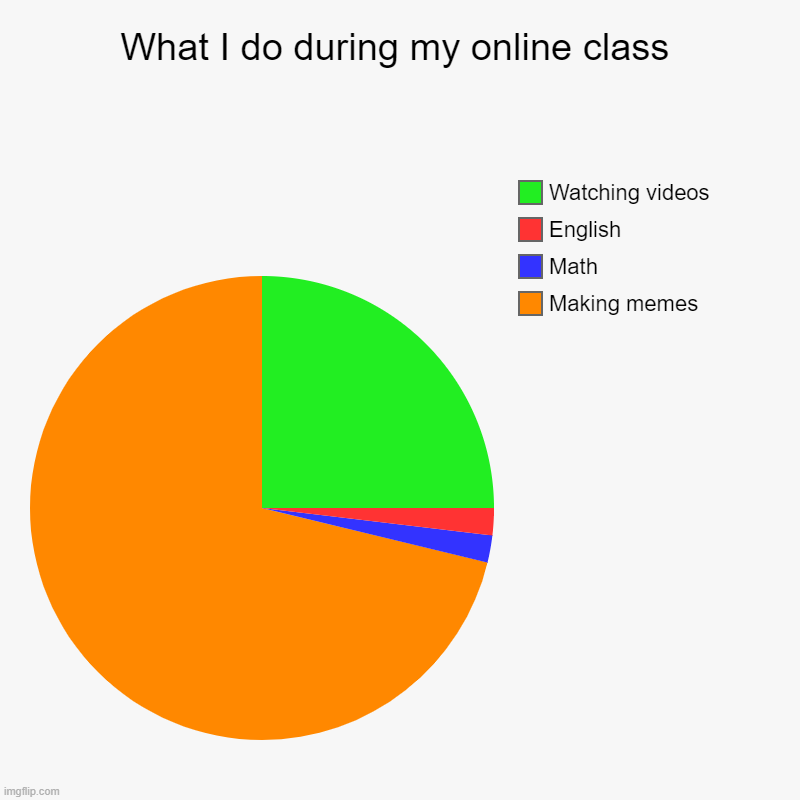 What I do during my online class | Making memes , Math, English, Watching videos | image tagged in charts,pie charts,online class,memes,coronavirus,internet | made w/ Imgflip chart maker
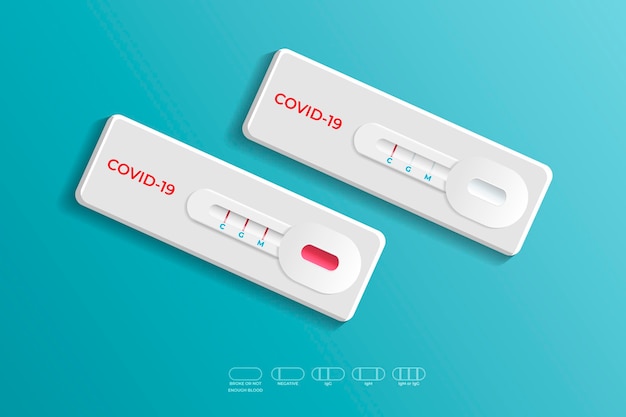 Concetto di test rapido di coronavirus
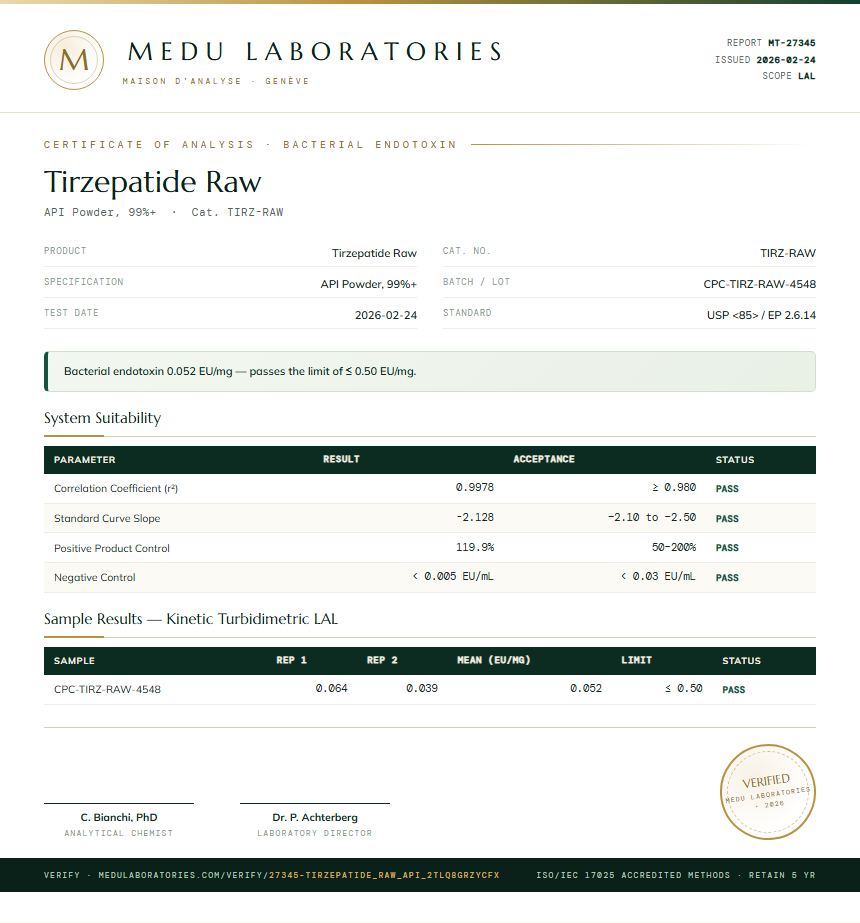 Tirzepatide Raw Endotoxin report by Medu Laboratories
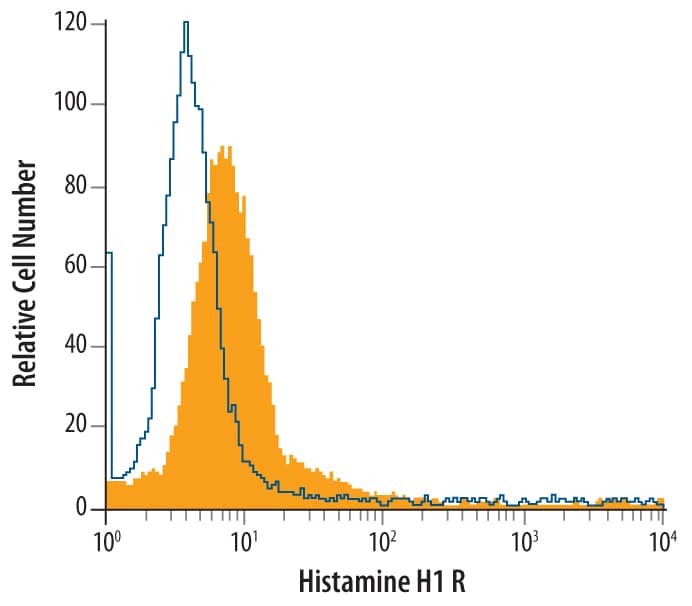 Detection of Histamine H1 R antibody in PMA-treated U937 Human Cell Line antibody by Flow Cytometry.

**Assignment**
Please retype the listing exactly, leaving out any images.

**Written answer**
 What I do during my online class | Making memes , Math, English, Watching videos | image tagged in charts,pie charts,online class,memes,coronavirus,internet | made w/ Imgflip chart maker
 Concetto di test rapido di coronavirus
 Tirzepatide Raw Endotoxin report by Medu Laboratories
 Detection of Histamine H1 R antibody in PMA-treated U937 Human Cell Line antibody by Flow Cytometry.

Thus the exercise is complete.